● Task statement
Reproduce the entire listing exactly as written, apart from its pictures.

● Collected data
◆ ◆ ◆ ◆ ◆ ◆ ◆
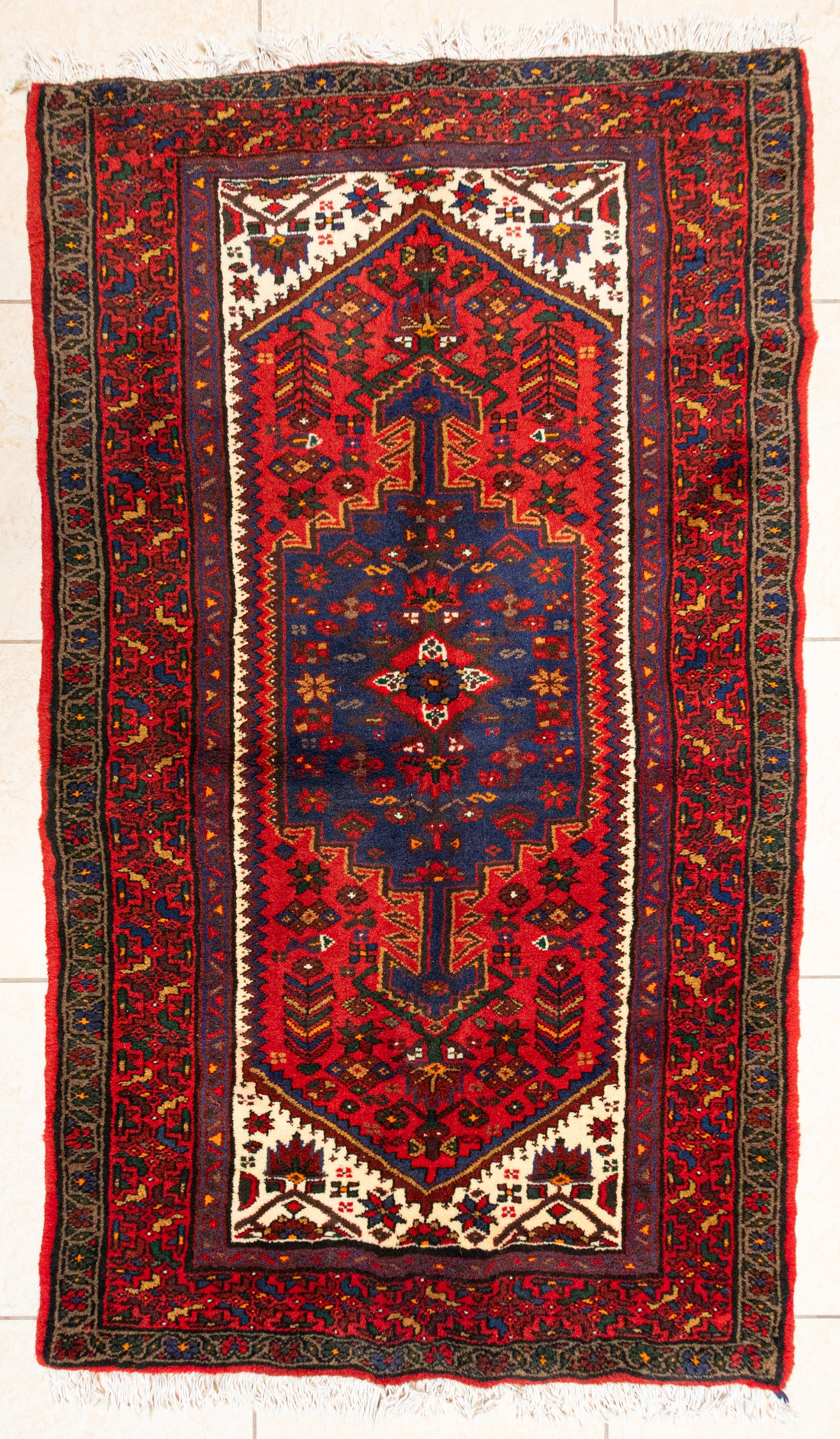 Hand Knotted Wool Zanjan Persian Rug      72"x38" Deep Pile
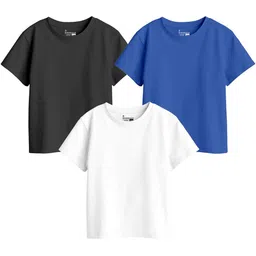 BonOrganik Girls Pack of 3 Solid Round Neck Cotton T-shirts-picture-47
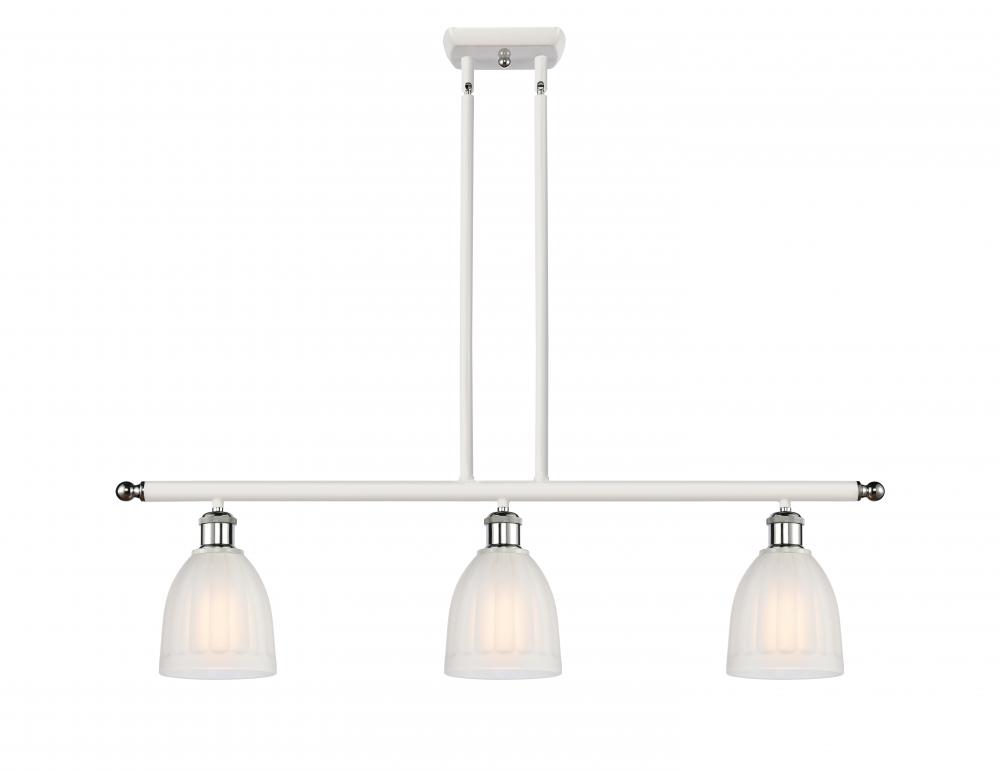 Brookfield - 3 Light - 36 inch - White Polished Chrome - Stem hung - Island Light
◆ ◆ ◆ ◆ ◆ ◆ ◆
● Your response
 Hand Knotted Wool Zanjan Persian Rug      72"x38" Deep Pile
 BonOrganik Girls Pack of 3 Solid Round Neck Cotton T-shirts-picture-47
 Brookfield - 3 Light - 36 inch - White Polished Chrome - Stem hung - Island Light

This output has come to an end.